In: Accounting
Jordan Corp is a US manufacturer of auto parts with branch operations in France. On December 31, 2018 wishes to use a foreign currency option to hedge a 10,000,000 euro denominated accounts receivable that is due in two years. Jordan plans to use fair value hedge accounting. Over the subsequent 4 quarters the following are the changes in the fair value of the receivable and the foreign currency option hedge.
Quarter ended March 31, 2019: Euro receivable increases by $ 400,000
Option hedge declines by $350,000
Quarter ended June 30, 2019: Euro receivable decreases by $500,000
Option hedge increases by $ 400,000
Quarter ended Sept. 30, 2019: Euro receivable decreases by $800,000
Option hedge increases by $700,000
Quarter ended Dec. 31, 2019: Euro receivable increases by $ 200,000
Option hedge decreases by $ 100,000
Answer the following questions:
. Structure the appropriate fair value hedge using an FX option.
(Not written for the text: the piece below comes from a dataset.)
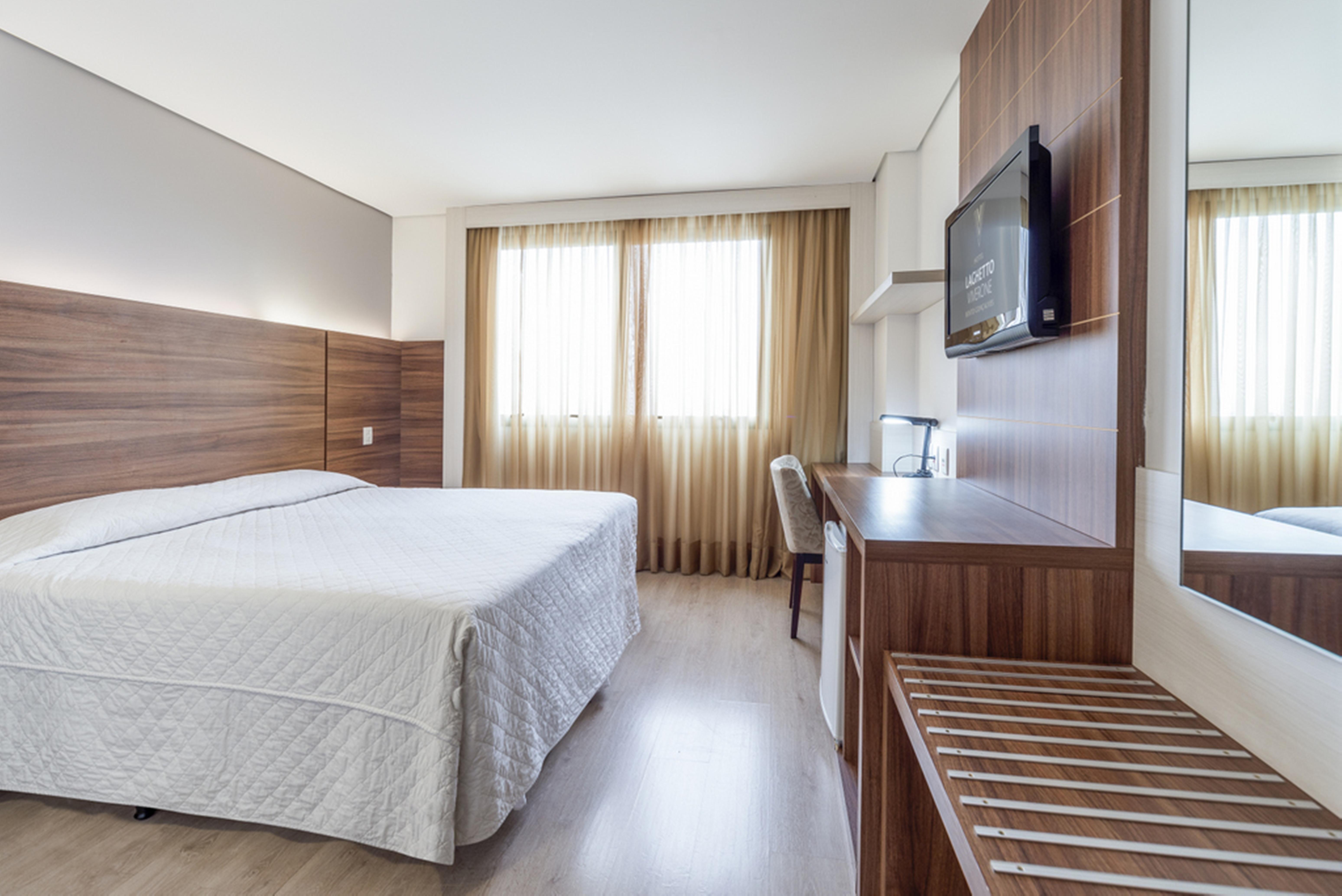 Hotel Laghetto Bento เบงโต กองซัลเวส ภายนอก รูปภาพ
Your answer must state whether Jordan is purchasing or selling an option, what is the expiration date of the option as well as whether it is an option to purchase euros and sell US dollars or an option to purchase US dollars and sell euros. (3 points).
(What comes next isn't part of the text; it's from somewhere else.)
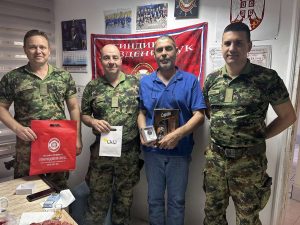 Read more about the article ИСПРАЋАЈ У ПЕНЗИЈУ ТРИ ПРИПАДНИКА НАШЕГ СИНДИКАТА ИЗ СИНДИКАЛНЕ ГРУПЕ КОМРЕН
. Identify by codification reference, e.g., xxx-xx-xx-xx, and attach AND HIGHLIGHT the appropriate section(s) of the FASB codification that describe the alternate criteria that can be used to determine at December 31, 2019 whether or not this has been an effective fair value hedge (3 points ).
3. Using one of the alternate criteria in your answer to #2 above, state your conclusion as to whether this is an effective hedge, meeting the FASB criteria. You must include a computation to support your conclusion. (4 points ).